Rauner, who last week vetoed most of a $36.3 billion budget passed by Democrats, has said he would not accept a temporary fiscal 2016 budget.

Earlier on Tuesday, Rauner vowed to keep the fifth-largest U.S. state operating in the absence of an enacted spending plan.

"In the meantime, we're going to manage the government without a budget, try to minimize the disruption to the people of Illinois and we're committed to working hard to make sure the men and women that serve the government are paid their full salaries on time," he said.

The governor has insisted the House and Senate - both controlled by Democrats - take up his-so-called turnaround reforms, including a local property tax freeze, legislative term limits, and workers' compensation changes, in order to aid the state's sagging finances and boost economic growth.

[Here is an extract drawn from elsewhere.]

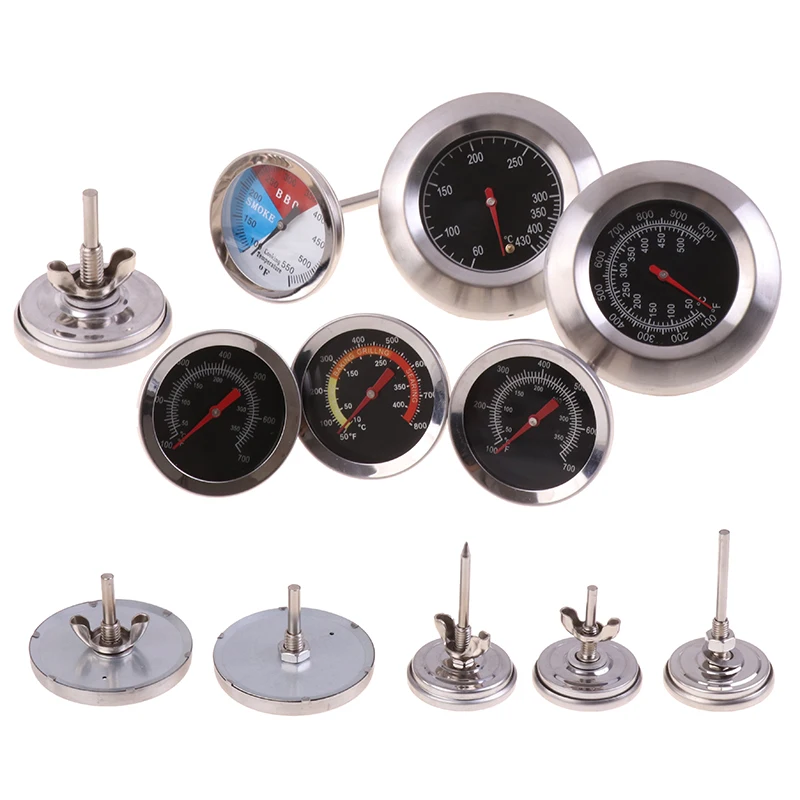 BBQ Smoker Grill Stainless Steel Thermometer Temperature Gauge 50-800 Degree Fahrenheit 10-400/50-350/50-500 Degrees Celsius 1PC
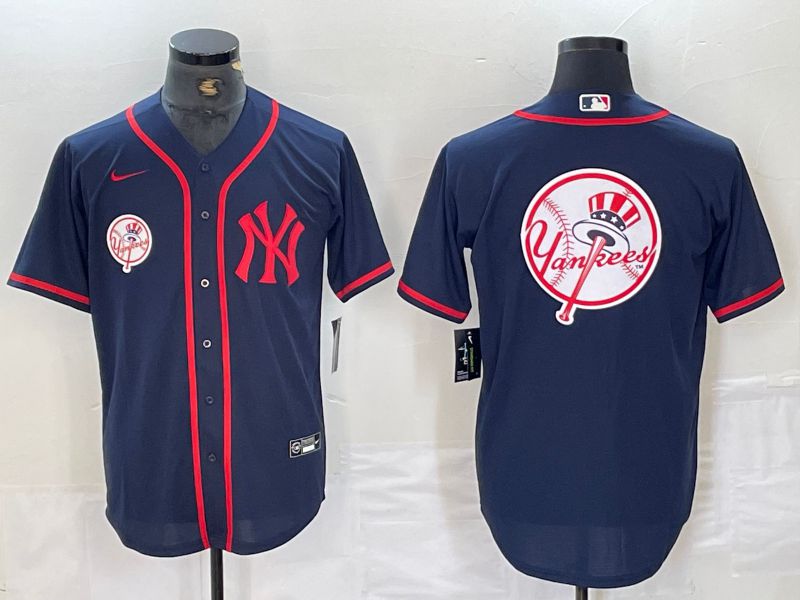 Men New York Yankees Blank Blue Third generation joint name Nike 2024 MLB Jersey style 1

The House held a sometimes-contentious meeting on Tuesday over a potential government shutdown. State agency heads who were invited to testify did not appear and were represented instead by top budget and legal officials in Rauner's administration.

Democrats called dozens of tearful disabled people, the elderly, parents of autistic children, social service and healthcare providers and caregivers, to testify that they will face hardship if Rauner's proposed budget cuts are implemented.

"The people of Illinois need to know who will be hurt and what we will do to provide essential services ... who will be paid, who won't be paid," said Democratic State Representative Lou Lang, who chaired the meeting.

Rauner signed a school funding budget into law, but vetoed other fiscal 2016 spending bills, citing a nearly $4 billion hole in the Democrats' $36.3 billion budget.

Illinois Budget Director Tim Nuding said the budget violated the state constitution because of the revenue gap.

"It deserved to be vetoed," he told the House.

The Illinois comptroller has said most state payments, including payroll, will stop without appropriated funds. State Attorney General Lisa Madigan on Monday said Illinois' constitution and statutes prohibit expenditures in the absence of an approved budget.

But Rauner insisted that a deal can be worked out to keep paying workers. He also rejected criticism from Speaker Madigan, who has said Rauner's "extreme" reforms were deterring progress on a budget deal.

"Our policies are not extreme at all. They're common sense and they're bipartisan," Rauner said, adding Illinois' debt, deficit, property taxes, and conflicts of interest were extreme instead.

Regarding the last-minute payment to the Chicago teachers' pension fund, representatives of Chicago Mayor Rahm Emanuel and CPS did not immediately respond to requests for comment. The Chicago Board of Education last week approved a $200 million cash-flow borrowing that could be tapped for the payment.